地下貯水槽から漏れたのは、1~4号機の原子炉建屋、タービン建屋の地下にたまっている高濃度放射能汚染水をセシウム吸着装置や淡水化装置で処理した後の廃液。放射性ストロンチウムなどさまざまな放射性物質を大量に含んでいます。今年の初めから構内に七つある地下貯水槽に順次貯蔵を始めましたが、4月に1~3号貯水槽で相次いで漏れ出しました。
東電は、最初に漏えいが起きた2号貯水槽について、当初は水位計の数字から最大120トン漏れたとしていました。しかし、漏えい検知孔の水位が低いなどの理由から、水位計の精度を確認したところ、実際の値からのずれが大きくなっており、水位が低く計測されていたとみられるとしています。

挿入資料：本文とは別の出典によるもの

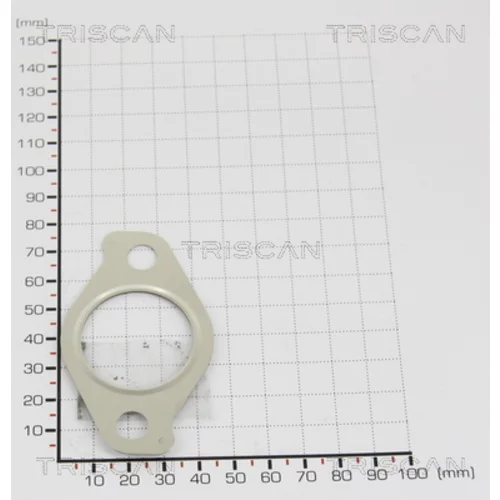 Tesnenie TRISCAN 8813 9960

検和孔の水位や、漏れた水の放射性物質の濃度に基づいて計算し直した結果、2層あるポリエチレン製の遮水シートと一番外側にあるベントナイトシートの間に約300リットル(0・3トン)、ベントナイトシートの外側に約20リットルと推定できたとしています。東電は1~3号貯水槽から漏れた汚染水の量は、シートの間に約400リットル、外に20~30リットルと推定しています。しかし、汚染水漏れの原因や場所はまだ解明されておらず、正確なことはわかりません。広瀬社長は「原因の究明は今後しっかりやっていきたい」と話しています。